You see, this is one of my favorite stories in the Bible because it is so realistic. The guys knew that God had the power to deliver them from the fire, but that He was not obligated to do so. If it would bring honor to Him, they would gladly burn for His namesake. How cool is that?! That, my friends, is faith at its finest!! And that example of faith is what got me through meeting after meeting this past week regarding my academic future. I have been in several meetings over the past few days regarding clearance for graduation in May, and with each additional meeting and more and more red tape, I had to continually remind myself that God is still God and He still sits on His throne, regardless of whether I get cleared or not. He is sovereign and has a perfect plan. And, it was with GREAT JOY that I met with my advisor yesterday afternoon and, finally, after years of struggle and hard work, I filled out my diploma application and received clearance to graduate from Auburn University on May 14, 2010!!! (I smiled so much yesterday that it hurt, but I just kept on!!)

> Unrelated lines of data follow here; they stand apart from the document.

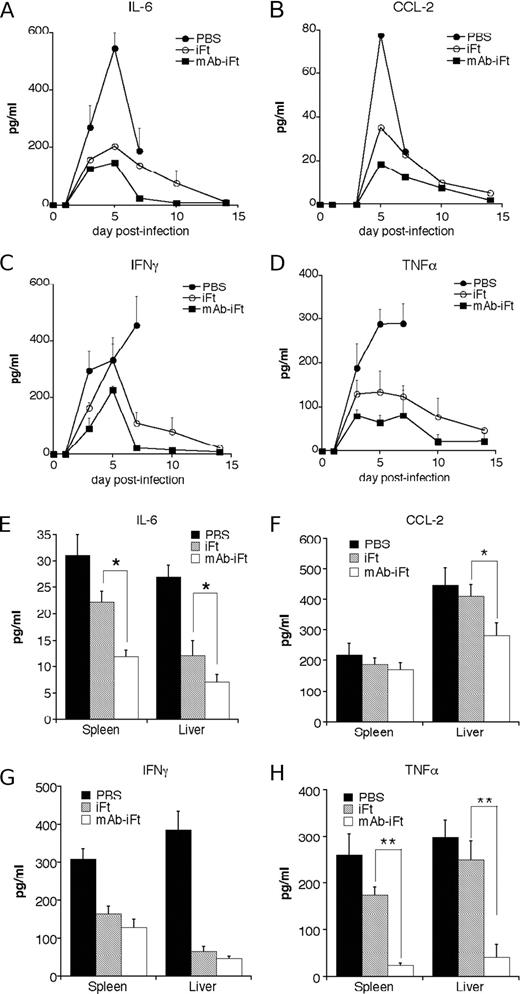 FIGURE 4. Inflammatory cytokine levels are reduced in the lungs of mAb-iFt- vs iFt-immunized mice. IL-6, CCL2, IFN-γ, and TNF-α were measured after immunization and challenge, as described in Fig. 1. Specifically, mice were immunized i.n. with mAb-iFt vs iFt on day 0, boosted on day 21, and then challenged on day 35 with 2 × 104 CFU of live F. tularensis LVS. Mice were then sacrificed at varying time points postchallenge (A–D) or on day 7 postchallenge (E–H), at which point the lungs, spleen, and livers were obtained and homogenized, and then supernatants from the homogenized tissues were analyzed by CBA analysis. Data represent the average of 4–6 BALB/c mice/treatment group ± SD. ∗, p < 0.05; ∗∗, p < 0.01. On day 7, IL-6, CCL2, and TNF-α levels in tissues from mAb-iFt-treated mice were significantly lower than those of iFt-treated mice (p < 0.05). These data are representative of two independent experiments.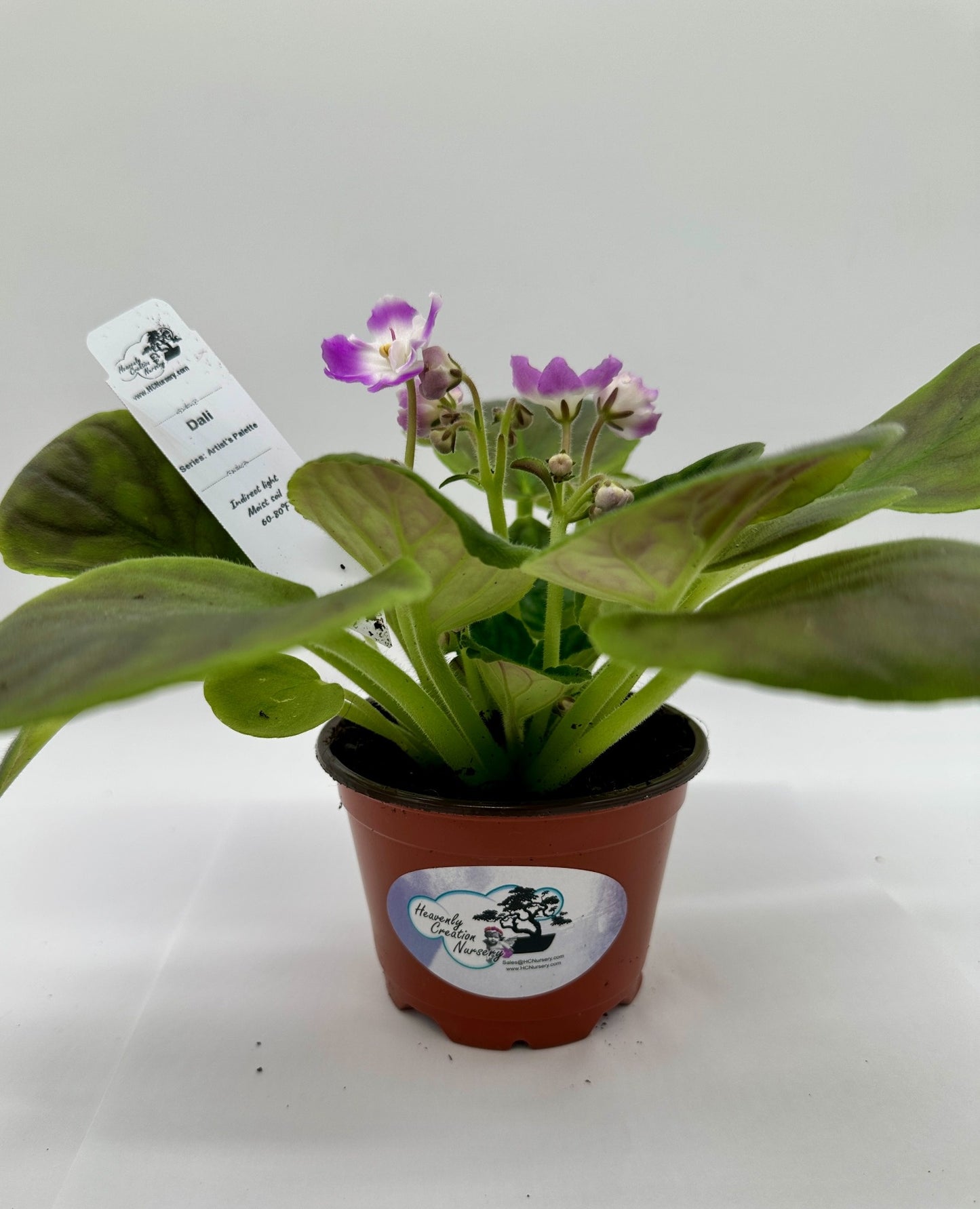 Dali - Live African Violet 4" - Series: Artist's Palette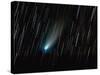 Comet 73P, Schwassmann-Wachmann-Stocktrek Images-Stretched Canvas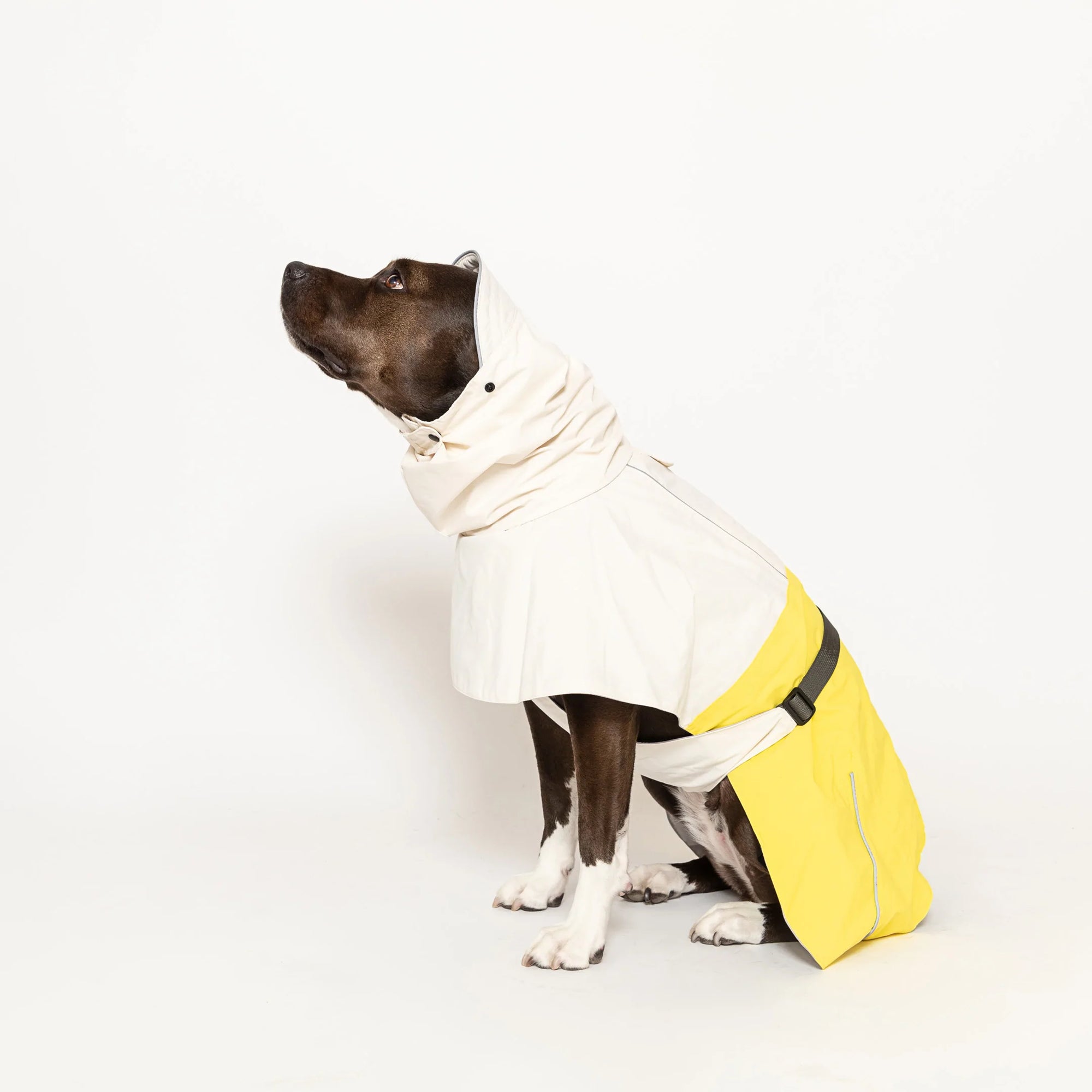 Brown dog with a smart cream and yellow raincoat looking up.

Now comes time for reflection. I look back over the past few years at Auburn and, honestly, I don't know that I would change a thing. Yes, I have struggled in ways that most college students don't. Yes, it has been a long haul. Yes, I think I have worked longer and harder for this degree than it should take. BUT, JESUS is sweeter to my now than he ever would have been. I have grown, in more ways than I have adjectives to explain. He has shown me things these years that I would absolutely have missed if I had not worked so hard and struggled so much. He is good. Has has shown me that time and time again. He provides for my needs, and indulges my wants, and He has proven that over and over. Praise the LORD for the past few years. It is by His grace alone that I have made it this far. He upholds me, and because of that reason alone, I will finish strong! The LORD is gracious to me. Thank you Jesus! God is good!!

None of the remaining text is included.